三菱UFJフィナンシャル・グループ(MUFG)

 MUFGは「MUFG Report 2022」において、TCFD提言に基づき、移行リスクと物理的リスクが与信ポートフォリオに及ぼす影響を分析するため、複数のシナリオ分析を実施しました。この結果を対象期間を含めて定量的に開示し、気候変動が事業に与える影響を具体的に示しています。

東京電力グループ

 東京電力グループは「TEPCO統合報告書2022」において、2050年カーボンニュートラルに加え、中間目標として2030年カーボンハーフに向けた具体的施策を投資額と利益創出効果と併せて開示しています。

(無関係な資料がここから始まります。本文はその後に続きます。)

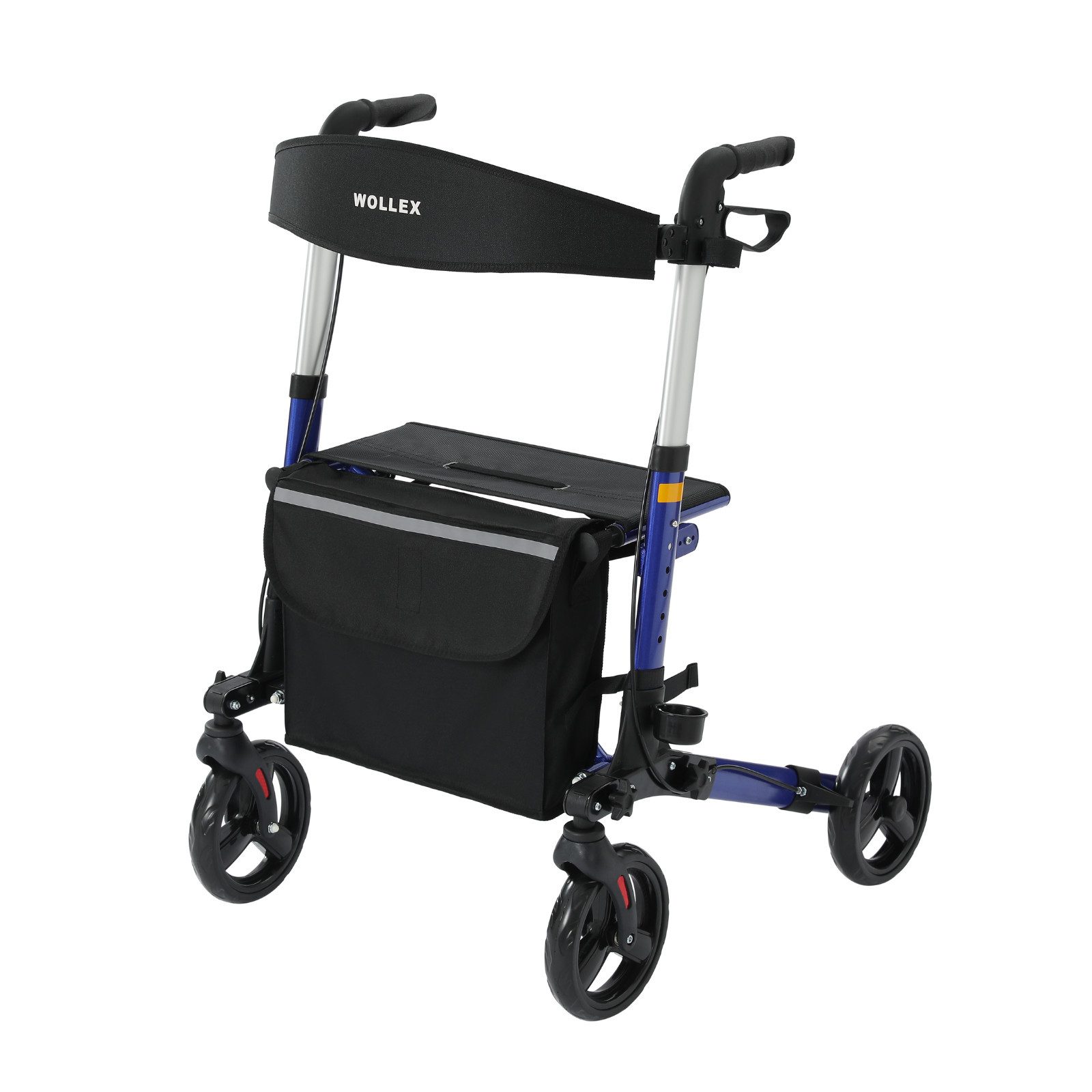 smartEC Rollator Sitwell Aluminium Rollator Faltbar zugelassen als Medizinprodukt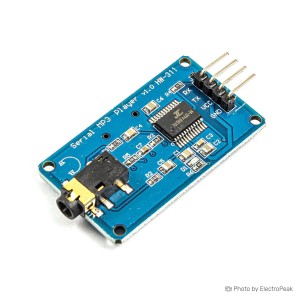 YX6300 UART TTL Serial MP3 Music Player Module Supports SD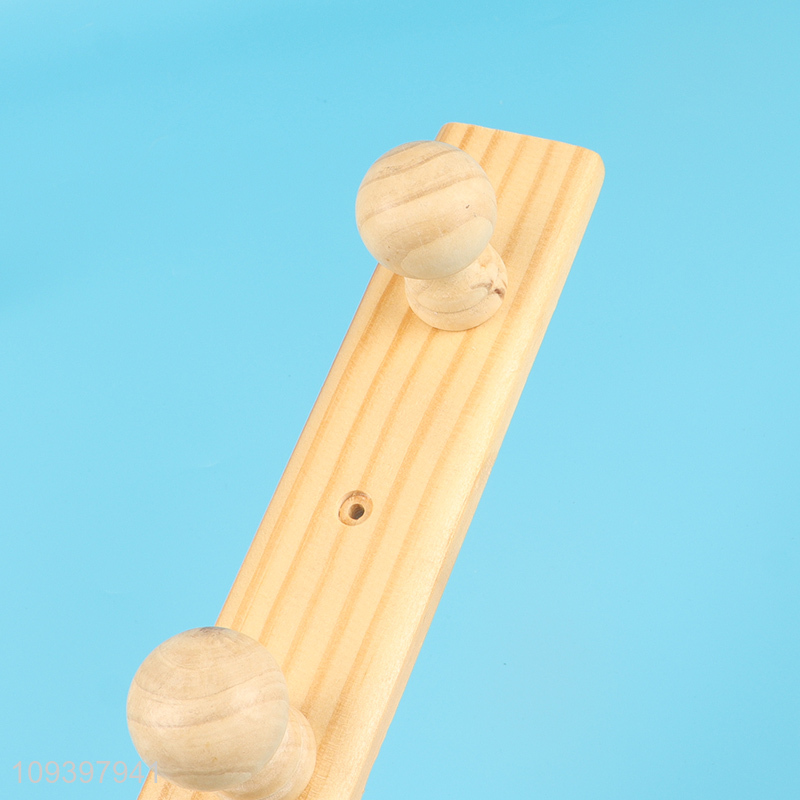 New arrival  wooden household coat hook row hook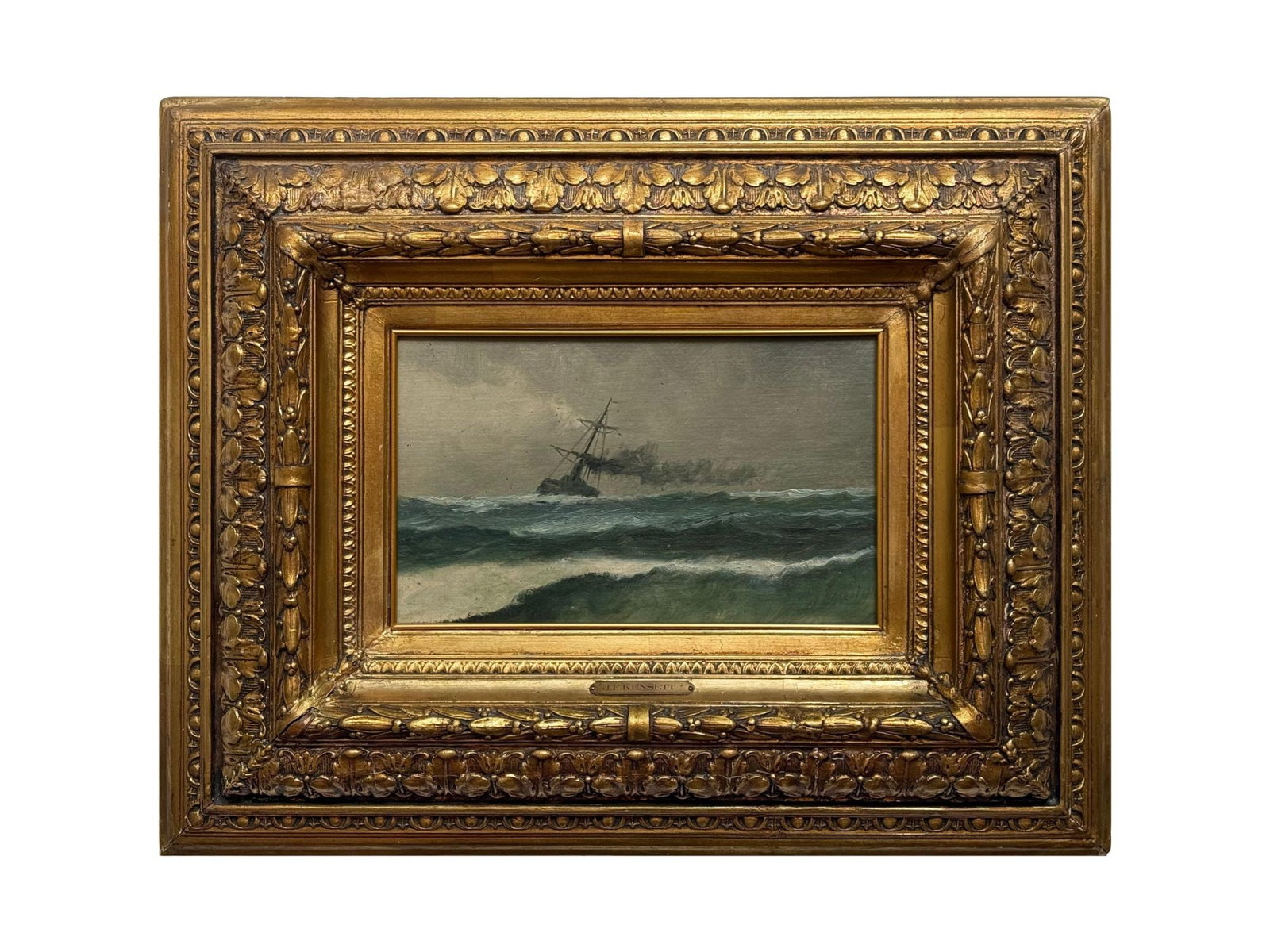 IN THE MANNER OF JOHN FREDERICK KENSETT SEASCAPE SKETCH (1 of 2)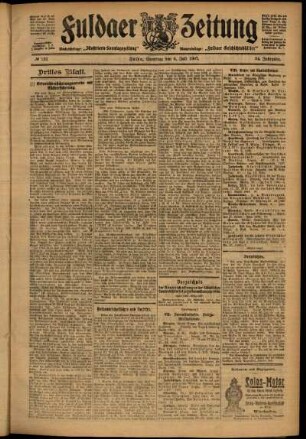 Dritte Ausgabe vom Samstag, den 06. Juli 1907.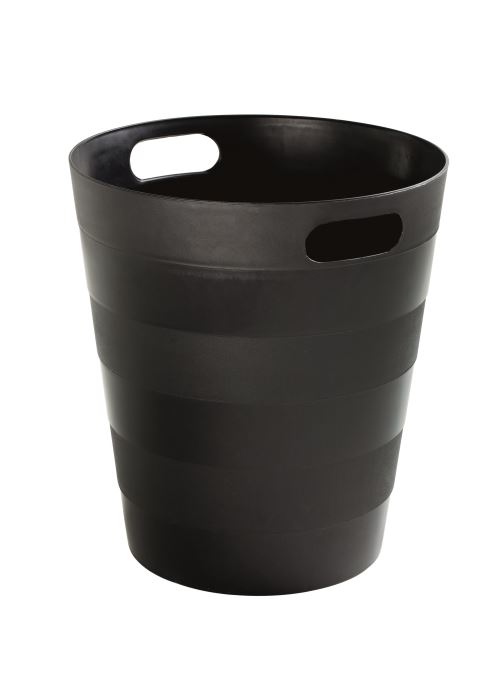 CORBEILLE À PAPIER EN POLYPROPYLÈNE - MEDIAL - noir - 3 Kg - polypropylène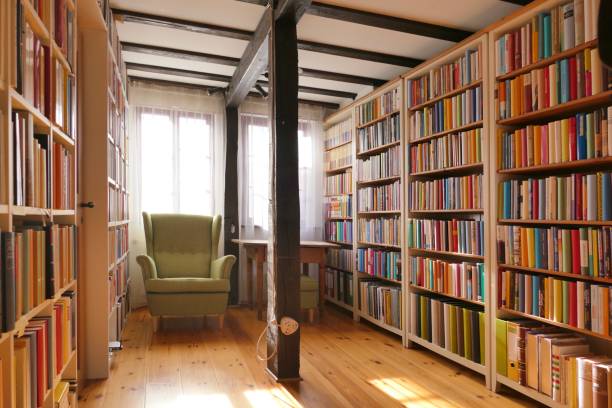 istock Library, writer's chair and desk 1249563118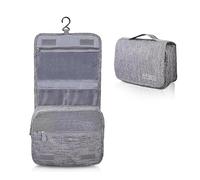 AiQInu Beauty case da appendere, impermeabile, organizer da viaggio per uomini e donne, borsa cosmetica multi scomparto con gancio per trucco, shampoo e prodotti essenziali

これにより、移行計画の実効性をステークホルダーに伝えています。

伊藤忠商事

 伊藤忠商事は、気候変動リスクを主要なリスクの一つとしてグループリスク管理の対象とし、事業投資プロセスで投資判断を行う際の検討項目に気候変動リスクを含めています。また、サステナビリティ委員会や関連部署と共同でリスク評価・管理を行い、取締役会への定期報告を実施しています。

日立製作所

 日立製作所は「統合報告書2022」において、2022年4月に経営会議内に「リスクマネジメント会議」を新設し、リスク区分ごとに6つのワーキンググループを設置しました。これにより、関連するグループコーポレート機能が横断的に連携し、気候変動対応を含むリスク低減に取り組んでいます。

トヨタ自動車

 トヨタ自動車は「サステナビリティデータブック2022」において、CO2排出量のScope1(直接排出)、Scope2(エネルギー起源間接排出)、Scope3(その他間接排出)を地域別、GHG別、カテゴリ別に分けて、原単位や時系列的なデータとともに開示しています。さらに、短期目標として第7次トヨタ環境取組プラン(2025年目標)の具体的内容も公表しています。

明治ホールディングス

 明治ホールディングスは「2050年カーボンニュートラル社会に向けて」において、Scope1およびScope2のCO2排出量を2019年度比で2030年度までに50%削減、2050年度には実質ゼロを目指す目標を掲げています。また、Scope3のCO2排出量についても、2019年度比で2030年度までに30%削減、2050年度には実質ゼロを目指すとしています。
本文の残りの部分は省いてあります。